Skip the pictures, and retype the data below in full, exactly.
═══ Given information ═══
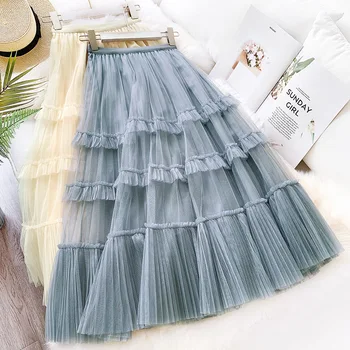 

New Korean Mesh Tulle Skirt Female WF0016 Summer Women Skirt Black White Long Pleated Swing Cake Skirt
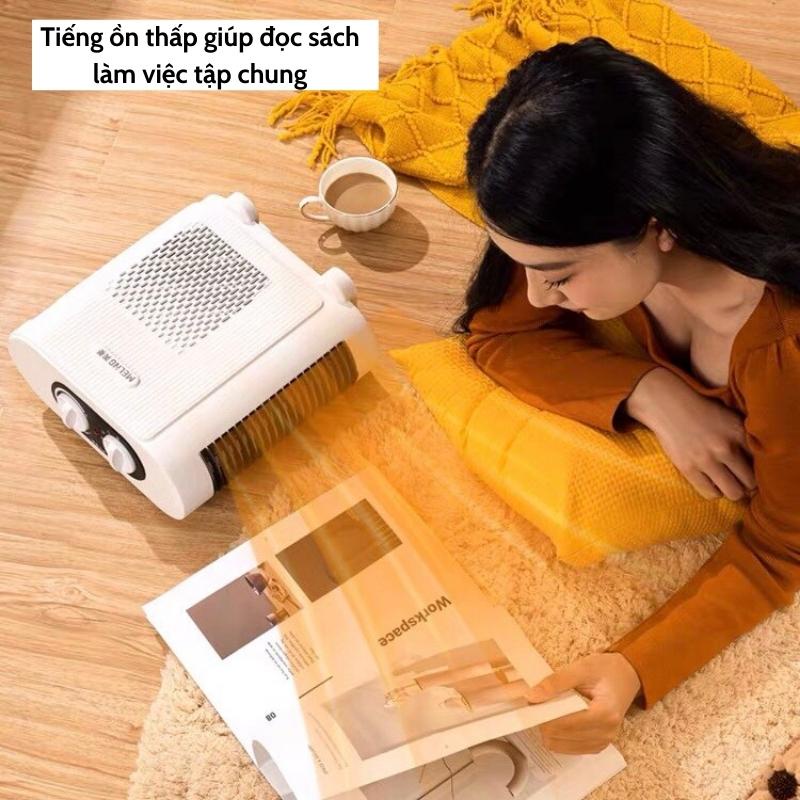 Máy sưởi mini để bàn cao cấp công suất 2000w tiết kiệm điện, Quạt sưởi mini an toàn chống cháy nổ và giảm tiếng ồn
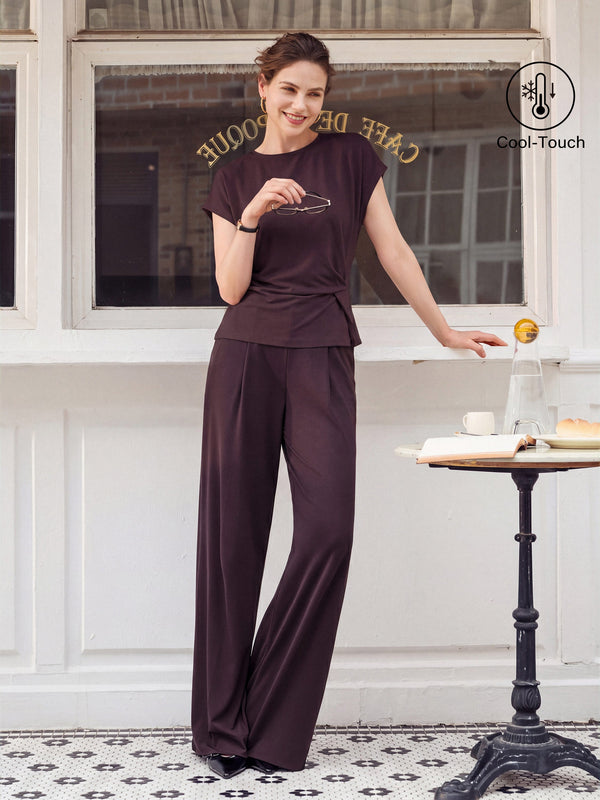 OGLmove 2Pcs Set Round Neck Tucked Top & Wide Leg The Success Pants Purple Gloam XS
═══
• **Final answer**
New Korean Mesh Tulle Skirt Female WF0016 Summer Women Skirt Black White Long Pleated Swing Cake Skirt
 Máy sưởi mini để bàn cao cấp công suất 2000w tiết kiệm điện, Quạt sưởi mini an toàn chống cháy nổ và giảm tiếng ồn
 OGLmove 2Pcs Set Round Neck Tucked Top & Wide Leg The Success Pants Purple Gloam XS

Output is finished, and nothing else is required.